Exercise:
Among the entries below, one line contains "Appartamento Monti E" and another contains "The Wedding Website". Transcribe those two lines and every line between them, exactly.

##### Material supplied

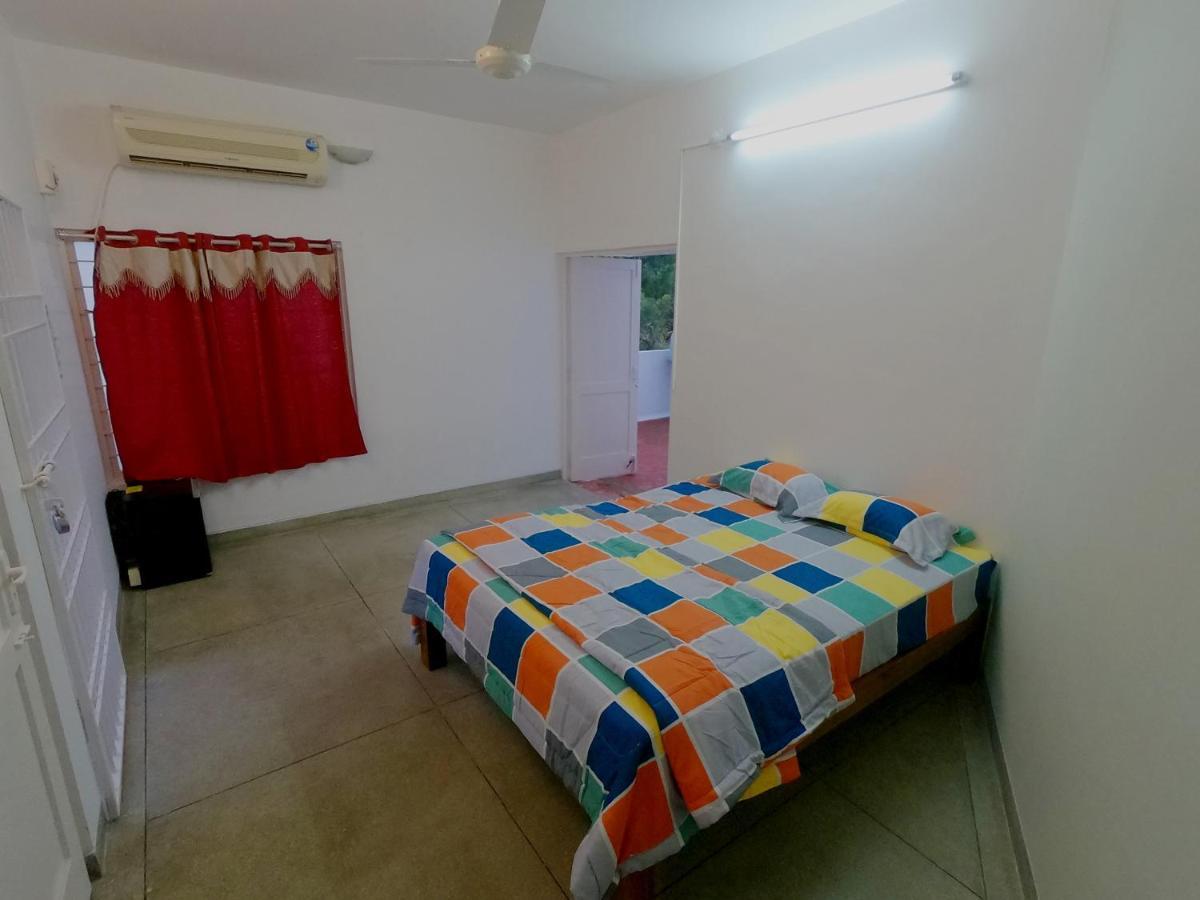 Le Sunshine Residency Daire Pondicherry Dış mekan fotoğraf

##########
##### Material supplied

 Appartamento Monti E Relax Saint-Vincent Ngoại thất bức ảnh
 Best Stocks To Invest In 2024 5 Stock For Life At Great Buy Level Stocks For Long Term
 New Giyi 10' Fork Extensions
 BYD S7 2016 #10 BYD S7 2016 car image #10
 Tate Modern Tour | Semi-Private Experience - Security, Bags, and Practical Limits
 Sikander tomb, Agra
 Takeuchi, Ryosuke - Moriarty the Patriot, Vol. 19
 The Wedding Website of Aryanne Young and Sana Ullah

##########
##### Material supplied

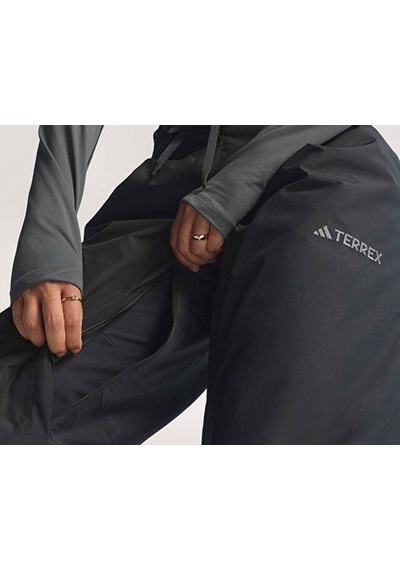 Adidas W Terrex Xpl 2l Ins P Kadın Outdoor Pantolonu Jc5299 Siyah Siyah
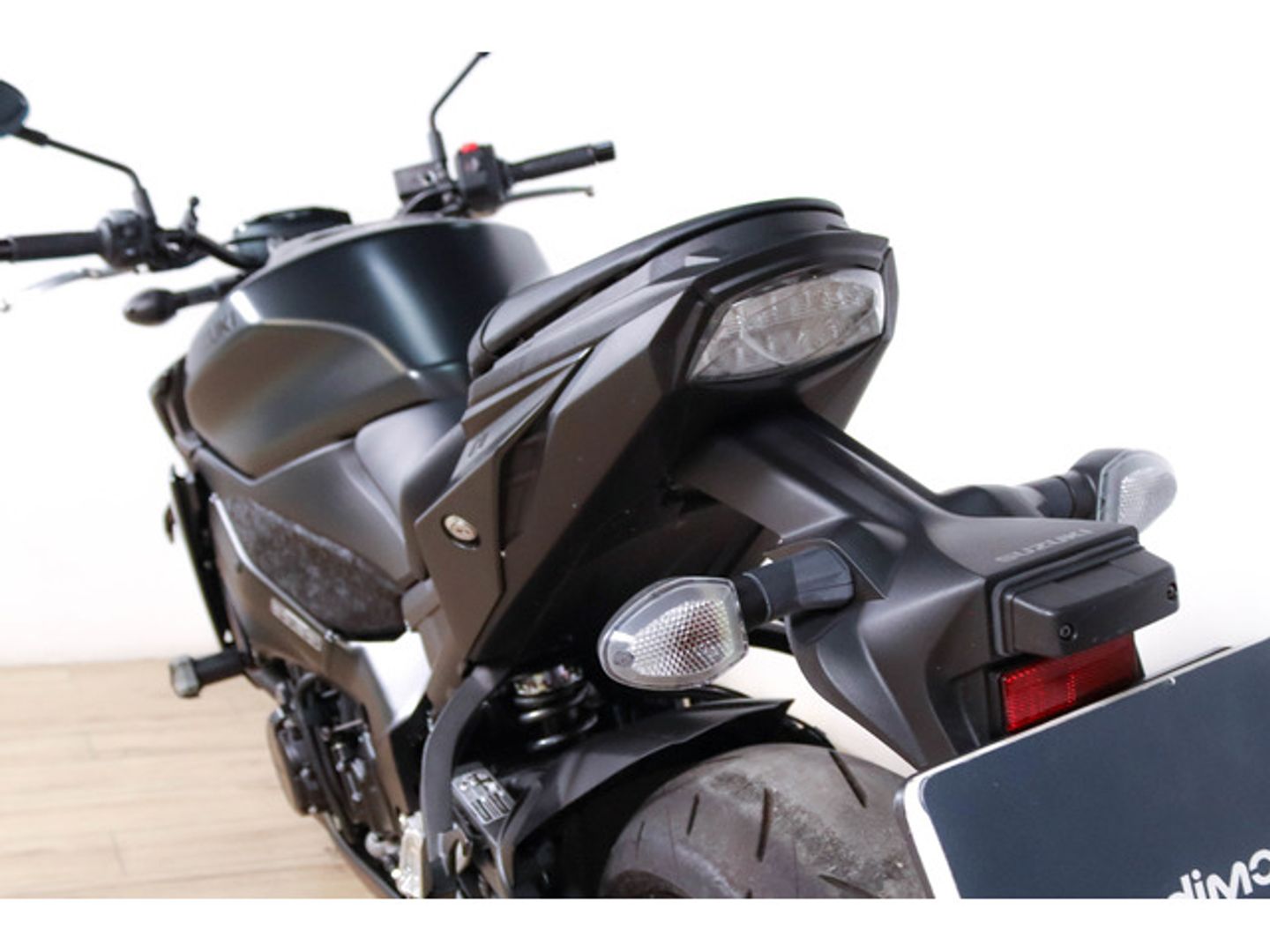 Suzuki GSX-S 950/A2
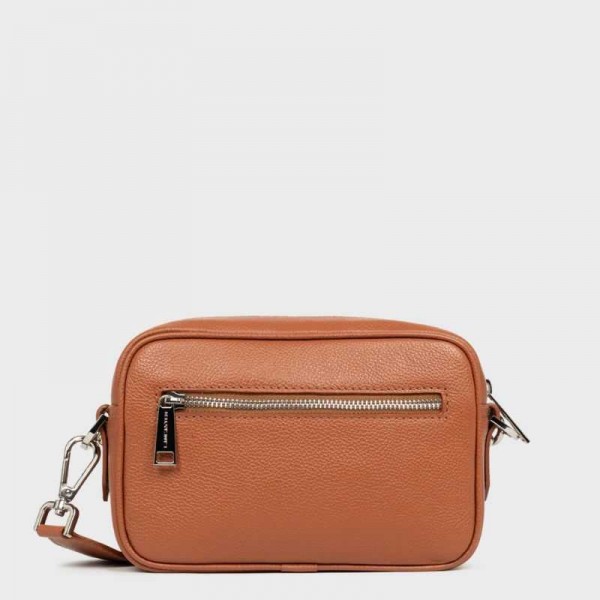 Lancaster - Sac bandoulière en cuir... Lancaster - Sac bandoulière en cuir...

##########

Your solution:
 Appartamento Monti E Relax Saint-Vincent Ngoại thất bức ảnh
 Best Stocks To Invest In 2024 5 Stock For Life At Great Buy Level Stocks For Long Term
 New Giyi 10' Fork Extensions
 BYD S7 2016 #10 BYD S7 2016 car image #10
 Tate Modern Tour | Semi-Private Experience - Security, Bags, and Practical Limits
 Sikander tomb, Agra
 Takeuchi, Ryosuke - Moriarty the Patriot, Vol. 19
 The Wedding Website of Aryanne Young and Sana Ullah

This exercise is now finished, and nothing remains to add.